Minister of Heath
- In office 2014 December – 2015 January
- Preceded by: Maithripala Sirisena
- Succeeded by: Rajitha Senaratne

Minister of Central Region Development
- In office 2001–2004

Member of Parliament for Kandy
- In office 1989–2010

Member of Parliament for National List
- In office 20 August 2020 – 24 September 2024
- In office 2010–2015

General Secretary of United National Party
- In office 2007–2014
- Succeeded by: Kabir Hashim

Personal details
- Born: Attanayake Mudiyanselage Kudabanda Tissa Attanayake 17 May 1961 (age 64)
- Party: Samagi Jana Balawegaya (2020 - ) United National Party (1989-2014)
- Other political affiliations: United National Front (1989-2014)

= Tissa Attanayake =

Sri Lankan politician

Attanayake Mudiyanselage Kudabanda Tissa Attanayake is a Sri Lankan politician, who is a National List member of the Parliament of Sri Lanka. He was first elected to parliament in 1989. Former general secretary of United National Party, Attanayake was appointed a Minister under the UNP government in 2001 and later by Rajapaksa in 2014. He only served 20 days under Rajapaksa. He resides in Colombo.

Attanayake a loyal member of the United National Party member served as the General Secretary under Ranil Wickramasinghe until he resign from the post just months before the 2015 presidential election to support then president Rajapaksa. He alleged that in addition to the agreements reached with various political parties and organizations in public, Common Candidate Maithripala Sirisena has also signed different deals with those parties in private.
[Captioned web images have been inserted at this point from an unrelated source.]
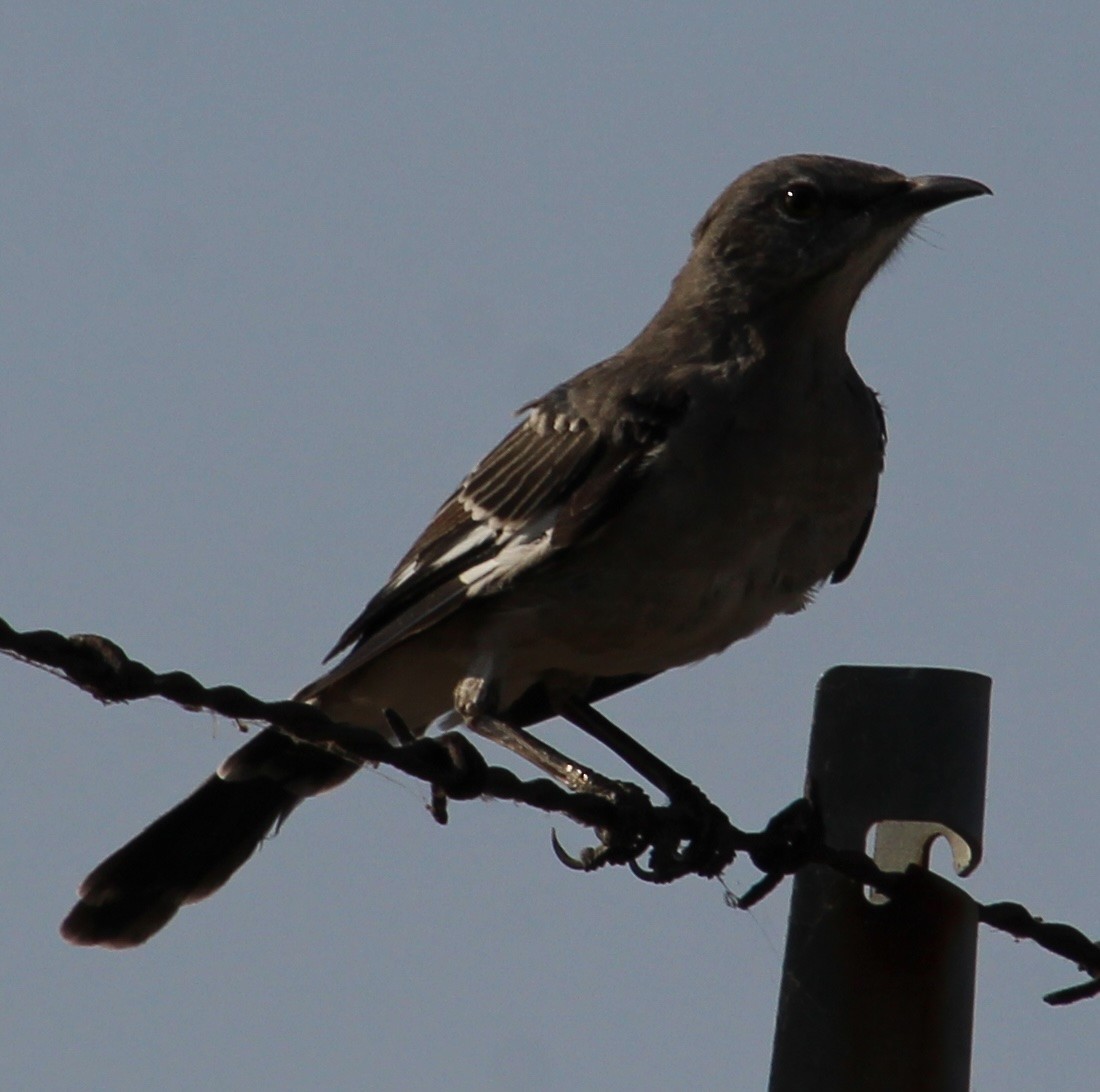 Northern Mockingbird - ML641402466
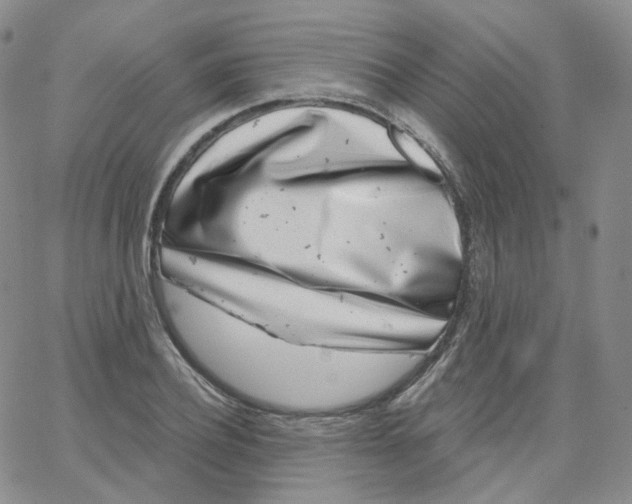 X0000065260932200603131159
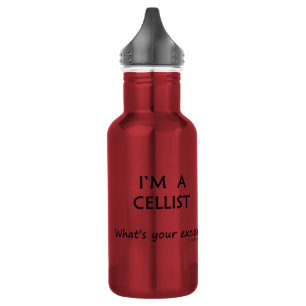 Cellist Excuse 532 Ml Water Bottle
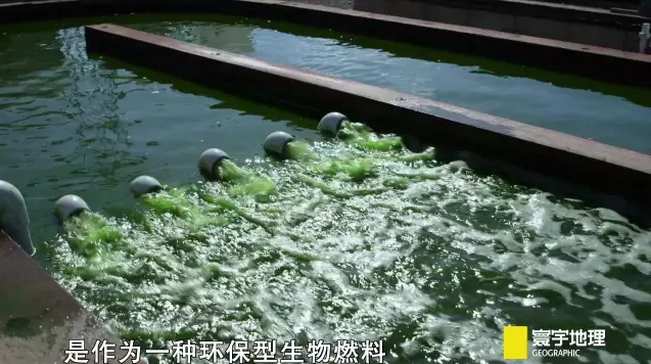 綠色黑科技|看海藻如何驅(qū)動(dòng)汽車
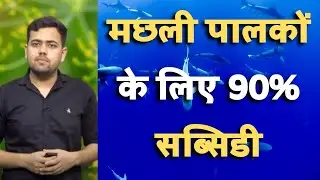 मछली पालकों के 90 प्रतिशत तक सब्सिडी मिलेगी | Fish Farming | Bihar Government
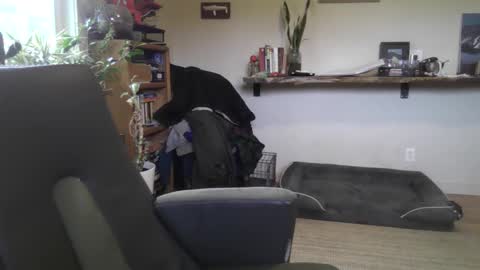 Snapshot of elephantfox chatting on 02.22.26 fox online show from 02.22.26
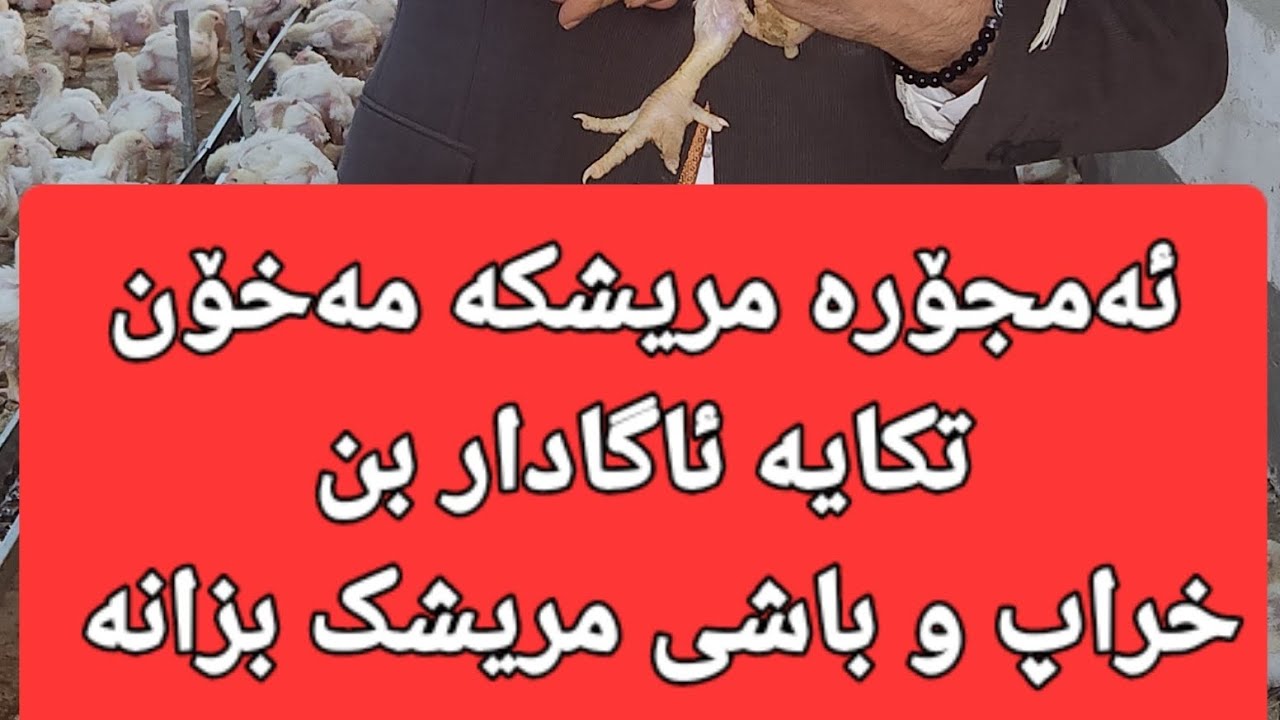 ئەمجۆرە مریشکە مەخۆنتکایە ئاگادار بنخراپ و باشی مریشک بزانە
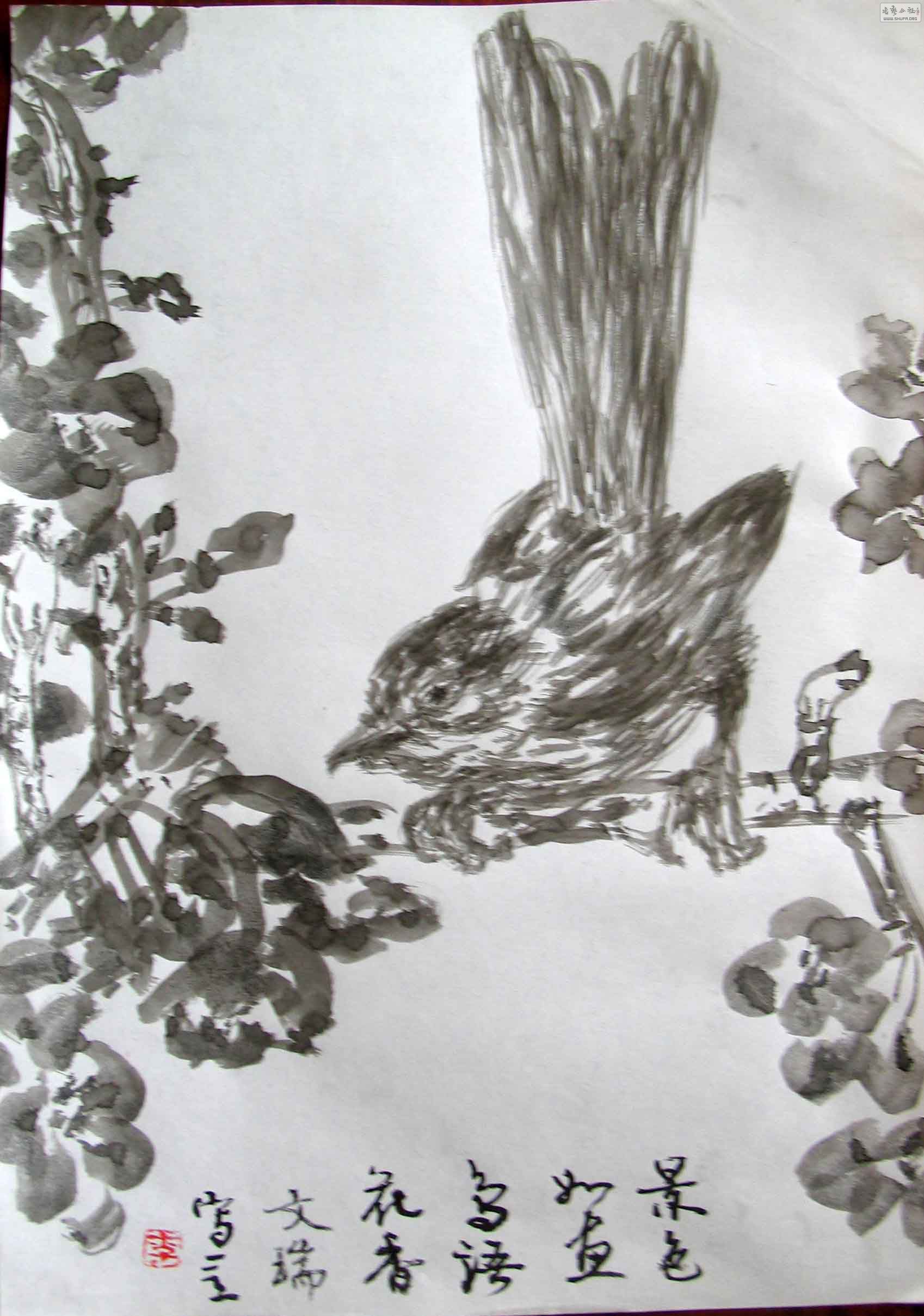 bird1.jpg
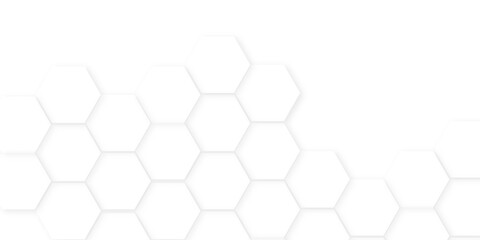 Wall Mural - Abstract background with hexagon, modern abstract vector polygonal pattern. Futuristic honeycomb mosaic white background,white and gray hexagon honeycomb geometric copy space.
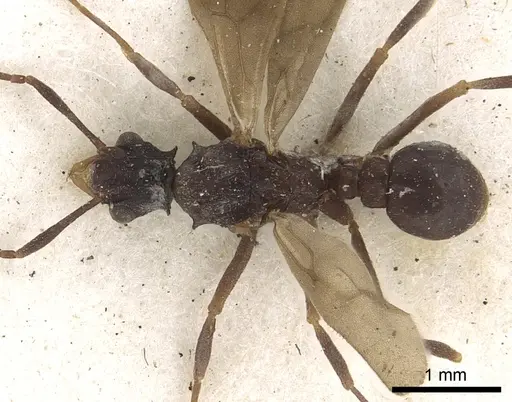 Cyphomyrmex salvini specimen CASENT0901668 image casent0901668_1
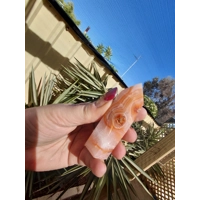 Carnelian with quartz generator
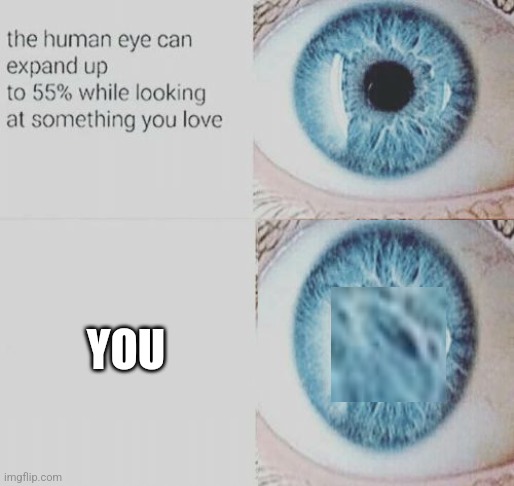 Eye pupil expand | YOU | image tagged in eye pupil expand | made w/ Imgflip meme maker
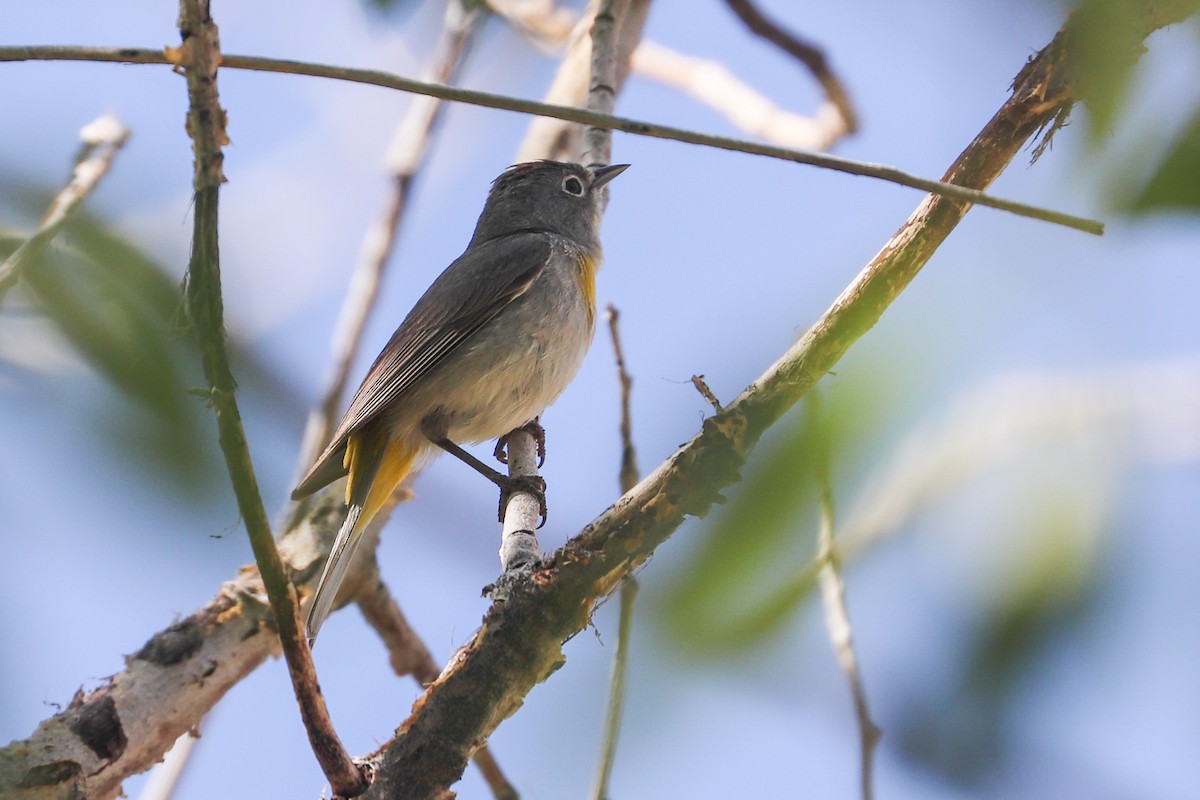 Virginia's Warbler - ML620184118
UNP Leader Ranil Wickremesinghe also said that he wrote to the IGP requesting an inquiry into the concocted agreement and forgery as it carries similar signatures of the duo.

He was later arrested by the Criminal Investigation Department (CID).

He was released on bail, following the courts ruling that they did not have enough evidence to hold him in remand captivity.